Matériau abondant, naturel, biodégradable, pérenne, au bon pouvoir isolant et stockant du carbone (bilan carbone de -9 kg EqCO2/m), pour ne citer que quelques-uns de ses atouts, la paille intéresse de plus en plus de maîtres d’ouvrage et d’architectes. Ces derniers se forment volontiers. Côté formation initiale, trois ENSA intègrent la formation Pro-Paille (à Clermont-Ferrand, Lyon et Marseille), ce qui n’est pas encore le cas des ingénieurs structure ni des filières bâtiments de l’Éducation nationale.
Si beaucoup d’agences d’architecture sur tout le territoire se forment à la construction paille, l’offre d‘entreprises de construction n’est pas répartie équitablement et certaines régions sont mieux loties que d’autres.
Certains constructeurs se lancent dans la paille sans formation, ce qui inquiète la filière, dont Gabriel Martinez se fait la voix : "Nombre de ces entreprises n’ont pas les compétences requises. Les constructeurs classiques ne sont pas habitués aux règles de perspirance des parois qui permettent d’éviter que l’humidité s’installe ou reste. Pourtant, divers organismes proposent des formations depuis des années, dont la formation Pro-Paille créée par notre Réseau et dispensée sur 5 jours, qui a compté plus de 800 stagiaires en 2022. Les autres formations sont plus courtes et ciblées par corps de métier."
La filière paille peut aussi faire monter en compétences les entreprises directement dans leurs locaux, en adaptant des formations internes aux entreprises sur mesure, adaptées à leurs besoins et outils de travail. Dans ce cas, l’avantage pour elles est que tous les salariés (bureau d’étude, atelier, levage) sont formés à intégrer un produit brut et lourd dans leurs habitudes de travail.
De la paille en toiture aussi. (© maison Dou)
Si le matériau est économique, le coût du bois et de l’intelligence autour d’une construction bois-paille, avec plus de main d’œuvre à la fois dans la conception et la construction, rendent l’opération plus onéreuse qu’une construction conventionnelle. "Néanmoins le résultat est d’une qualité supérieure, même si dans une économie de plus en plus tendue, le surcoût est difficilement absorbable pour les maîtres d’ouvrage.
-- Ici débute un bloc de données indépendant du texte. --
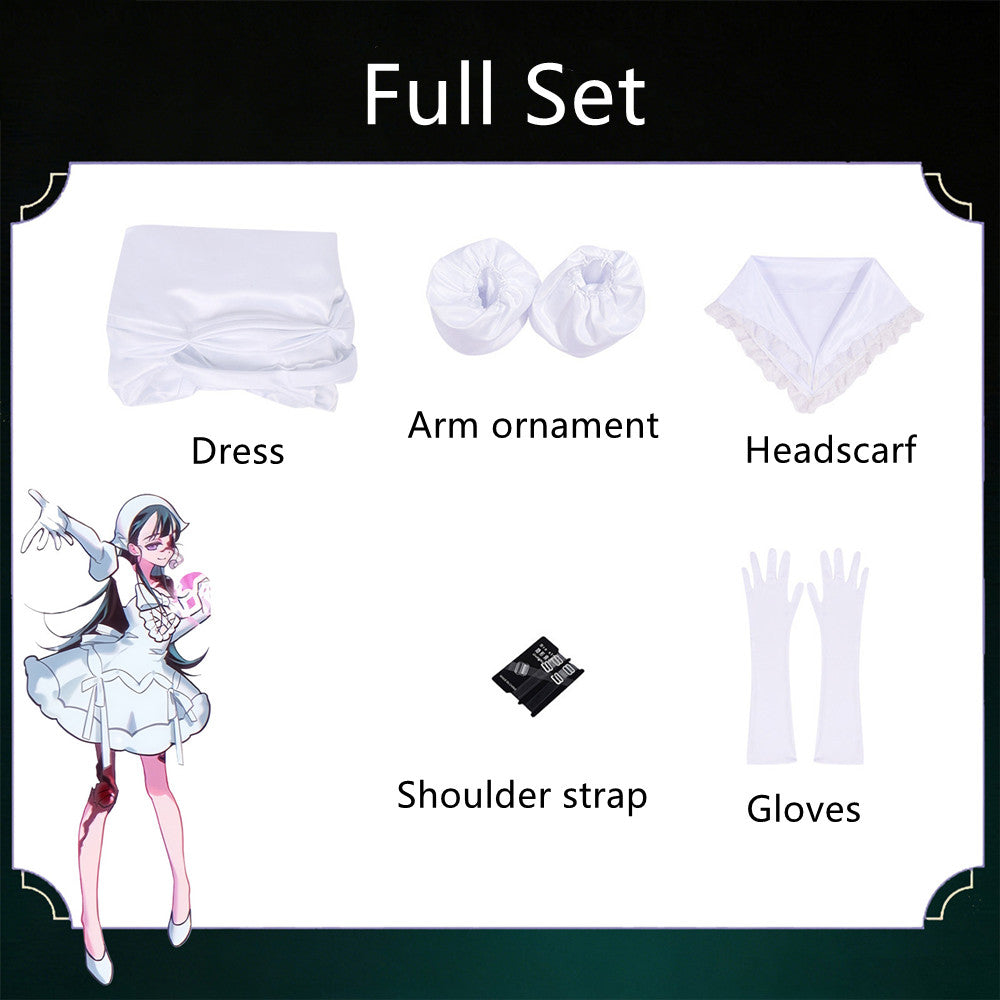 【In Stock】Anime Alien Stage Cosplay Zombie Stage Sua Mizi Cosplay Costume - Sua Dress / S - Cosplay Costumes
C’est pourquoi la construction paille se développe mieux dans le marché public, qui a des modes de financement différents et une logique d’économie sur le bâtiment à plus long terme que le privé", analyse Gabriel Martinez, qui estime que des incitations financières de l’Etat et des régions seraient justifiées pour aider à bâtir plus qualitatif et plus durables. "L’intérêt de ces constructions au niveau de l’économie locale pourrait être mieux valorisé, avec par exemple une TVA à 0 % pour les constructions répondant à certains critères et utilisant des matériaux biosourcés."
ITE paille lors de la rénovation de la Résidence Berthelotte (projet de Nzi architectes pour Paris Habitat - Crous de Paris 15ème). (© Nzi)
Si la botte d’épaisseur 36-37 cm (x 47 x 80 à 120 cm de long, selon les fournisseurs) reste le format le plus couramment employé, de nouveaux conditionnements apparaissent.
La botte de 22 cm d’épaisseur arrive sur le marché : deux ou trois fournisseurs basés dans l’ouest reconditionnent en atelier à partir de grosses balles rondes et livrent les bottes sur palette (pas encore sur tout le territoire).
Cette alternative intéressante permet de réduire le coût de la construction, en calibrant les bottes pour des montants d’ossature classiques et avec des entraxes d’ossature bois de 60 cm.
Quelques rares entreprises disposent de leur propre presse et fabriquent leurs bottes dans leur atelier. Une FDES sur le conditionnement en atelier devrait paraître en fin d’année.
Quels que soient les conditionnements, la densité minimale de la paille est de 80 kg/m³ afin d’éviter le tassement et pour résister au feu et aux rongeurs (les bottes de haute densité atteignent 150 à 250 kg/m³). L’humidité doit bien sûr être faible : de 20 % au plus.
Tassage de la paille pour obtenir une densité adéquate et remplir l’intégralité de l’espace. (©sepulveda)
Le blé fournit aujourd’hui la totalité des pailles utilisées en construction. Il pourrait être secondé par le riz, dont la paille, très résistante, n’est pas prescrite dans des règles professionnelles et encore très peu valorisée comme isolant. La paille de riz devrait cependant trouver de nouveaux débouchés : "Sa caractérisation a débuté et d’autres tests seront réalisés à l’avenir, dans le cadre du dossier déposé par le RFCP, pour répondre à l’appel à projet SIC, Soutien à l’innovation dans la construction matériaux bois, biosourcés et géosourcés lancé fin 2022 par l’Ademe."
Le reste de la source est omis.